Our Outing on My First Monday Here

In New Zealand we’re enjoying a school break for these next two weeks. Thus many children, including my grandson, like to get together with friends for play dates. So I was happy to accompany my daughter and our little guy on his first visit to a new friend’s house. Since our entire country is covered for the entire week in ominous rain clouds and it is definitely winter here now and Julie was unsure of the route to their home, since it was a fair distance from ours, we anticipated a shorter play time than might normally be the case, so we could go back home and hunker down inside by the fire. The mother who invited us has 5 children and I anticipated a great time would be enjoyed by all. That was what we hoped for anyway. 

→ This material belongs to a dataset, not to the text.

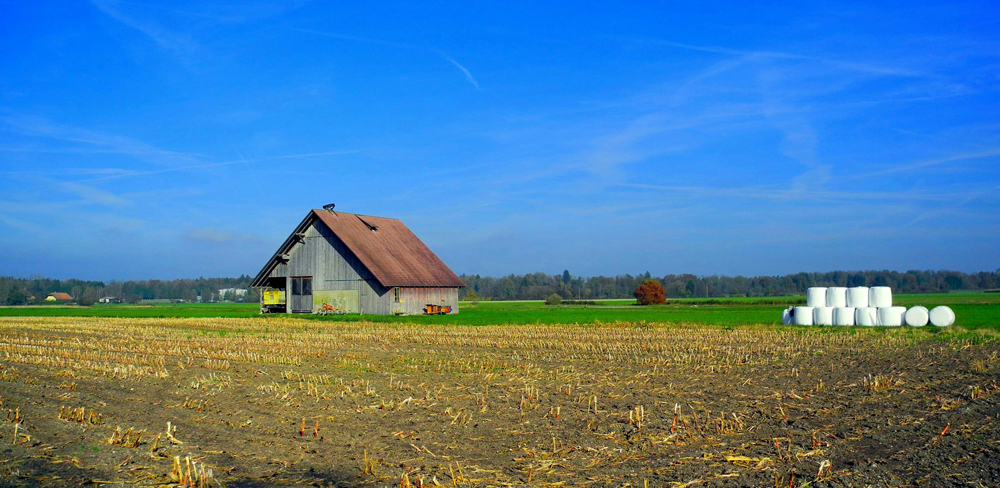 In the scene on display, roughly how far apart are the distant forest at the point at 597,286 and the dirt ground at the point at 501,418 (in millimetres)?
143324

So Julie quickly used her GPS travel thingamabob and we were off. We were going in a slightly unfamiliar direction but she had a general idea of where this house was. I snapped as many pictures as I could with my phone as we whizzed past some gorgeous rural scenery and the rain was barely a drizzle at that point. Eventually we arrived at Rose Street and looked for number 6 like sleuths on a case. Finding it at last, Julie attempted to turn around on the grass verge in front of the fence but that was so slippery from the constant inundation this month that we skied into the slight rise. Thinking she could back out of that predicament she accelerated and turning the wheels she managed to get us further into the muddy sodden ground as the wheels spun around and around without any traction. They looked like they’d been turned into cake dough in a gigantic mixer since they were dripping with a covering of light brown liquefied mud. In time we decided to exit the car and Julie mentioned quietly that we’d deal with this later. At least we’d arrived I thought and tried to remember where to put a piece of wood so we could escape our very green grass prison with the hood of the car kissing the slight rise, as if stuck for eternity in that ditch. But we trudged forward. We’d handle that later.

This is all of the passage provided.